Everyone waited, knowing that the call would have to be something related to their meeting, otherwise it wouldn’t have been put through. “Madam President, GAIS has detected the ‘push’ of another asteroid,” he told her.
“GAIS?” she asked of someone closer to her side.
“Gravitational Anomaly Identification Study, Ma’am,” Joanna told her. “The only one was part of the ALMA Array in Chile, but after James McMillan found the spaceship with it, we built our own,” she explained.
“So we know it was pushed,” the president confirmed.
“What size?” Joanna asked of the aide.
He licked his lips. “Early detectors have measured it at approximately 1.2 kilometres in diameter, Ma’am.

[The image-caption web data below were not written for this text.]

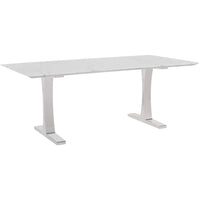 Toulouse Dining Table, White Marble/Polished Stainless Base - Modern Furniture - Dining Table - High Fashion Home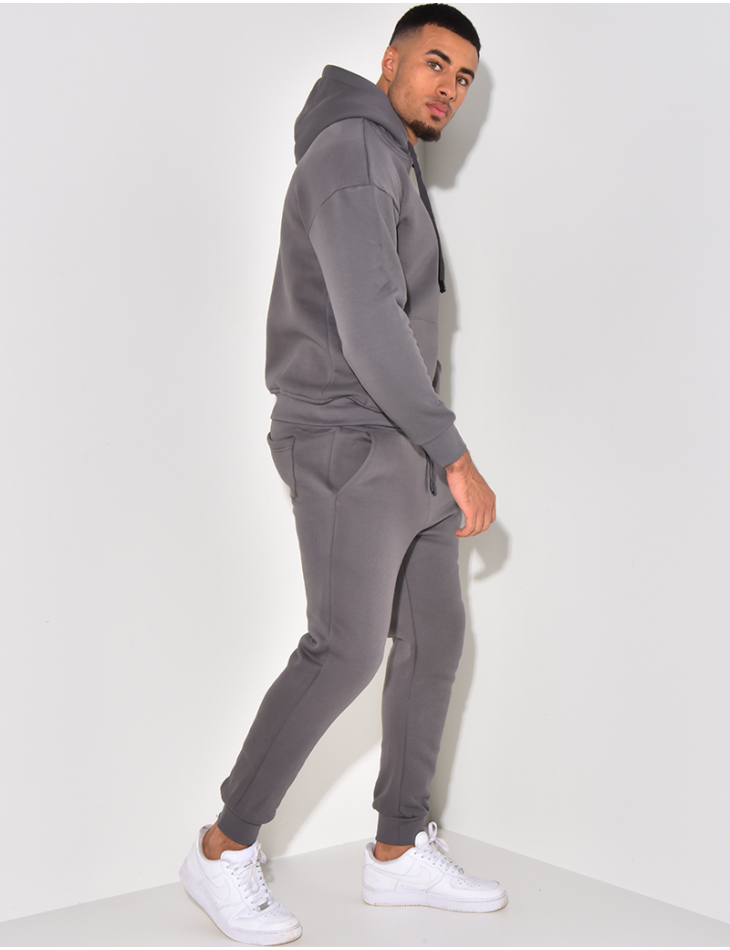 Ensemble sweat à capuche et pantalon uni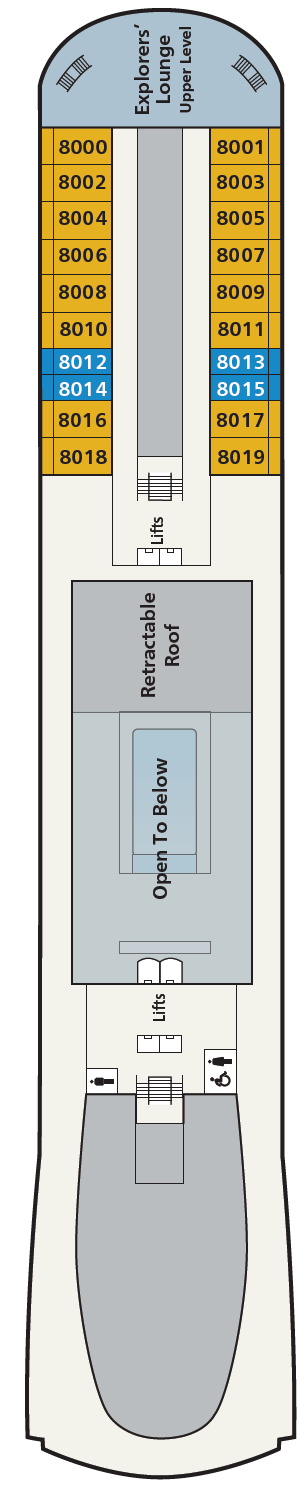 Deck plan for Deck 8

We actually believe it is the 1950 DA asteroid.”
“Is that important?” the president asked, looking about her, hating it when she was surrounded by know-it-all technical people.
“Well Ma’am, that asteroid last passed close by in 2001. We were able to calculate its orbit quite precisely, and established that it will return on 2880. It was currently the asteroid with the highest probability of hitting us, Ma’am,” he explained.
“And they’ve caught it, and decided to lob it our way early,” she concluded.
“How much does it weigh?” she asked in the silence. “Do we know?”
“The slow rotation and Radar Albedo suggest it to be fairly dense; Nickel and Iron most probably. We estimated approximately 20 billion tonnes.”